Obama: I Like Taxes, Except When I Don't

The Los Angeles Times notes the love affair between Barack Obama and taxes continues unabated. In an interview with CNBC in New York last night, Obama promised to eliminate the Bush tax cuts and hike taxes on those making as little as $75,000 per year. When challenged about raising taxes during an economic slowdown, he almost immediately backpedaled:

Illinois Sen. Barack Obama went after the “We’re not paying enough taxes to the government” vote today during a television interview in New York.

First, he said the Bush tax cuts ought to die. He likes that top marginal rate of 39%. Although the non-partisan National Journal recently declared him the most liberal of the 100 senators, Obama denied being a “wild-eyed liberal,” which wasn’t what the Journal called him, but it sounds good on TV where everything moves by so quickly.

Maria Bartiromo on CNBC’s “Closing Bell” asked, “Who should pay more and who should pay less?” Predictably, the politician chose to talk about who would benefit from his higher tax plan, not who would get socked the hardest. But from his answers it sounds like the “wealthy” in his mind are those making more than $75,000.

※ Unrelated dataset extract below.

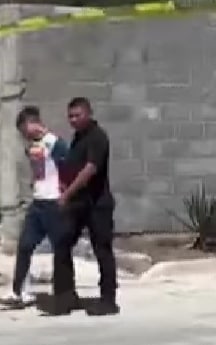 Las autoridades investigan la muerte de una bebé de un año de edad, quien falleció en un domicilio del municipio de Salinas Victoria, al parecer de un golpe en la cabeza.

“I would not increase taxes for middle class Americans and in fact I want to…. provide a tax cut for people who are making $75,000 a year or less,” he said. “For those folks, I want an offset on the payroll tax that would be worth as much as $1,000 for a family.

 

Bartiromo asked him why he thinks raising taxes in a slowing economy would be a good thing. After all, the Democrats plan to argue economics as the biggest issue this fall, blaming the Bush administration policies for a housing crisis that has investors already pulling back to safety positions. Hiking taxes in that environment would shrink investment capital even further, creating more momentum for recession. What was Obama’s response?

“Well, look,” said Obama, “there’s no doubt that anything I do is going to be premised on what the economic situation is when I take office.”

Well, no doubt, but that doesn’t address the disconnect between Democratic rhetoric on the economy and Obama’s plan to raise taxes. They predict that the current economic policies will lead to recession. In fact, Paul Begala giggled when he called John McCain a cross between George Bush and Herbert Hoover on CNN Wednesday evening, just before my own appearance on Election Center. If that’s the case, shouldn’t Obama offer plans to deal with the recession he and his party insists will come, rather than offer the equivalent of Smoot-Hawley plans that will exacerbate it?

Obama wants it both ways. He wants the Left to believe that he will start pulling more money out of the economy for a big slate of government programs, while he wants the middle class to believe that all of these programs won’t cost them anything — and meanwhile, his options remain “open”. It sounds more like “I’m making this up as I go along.”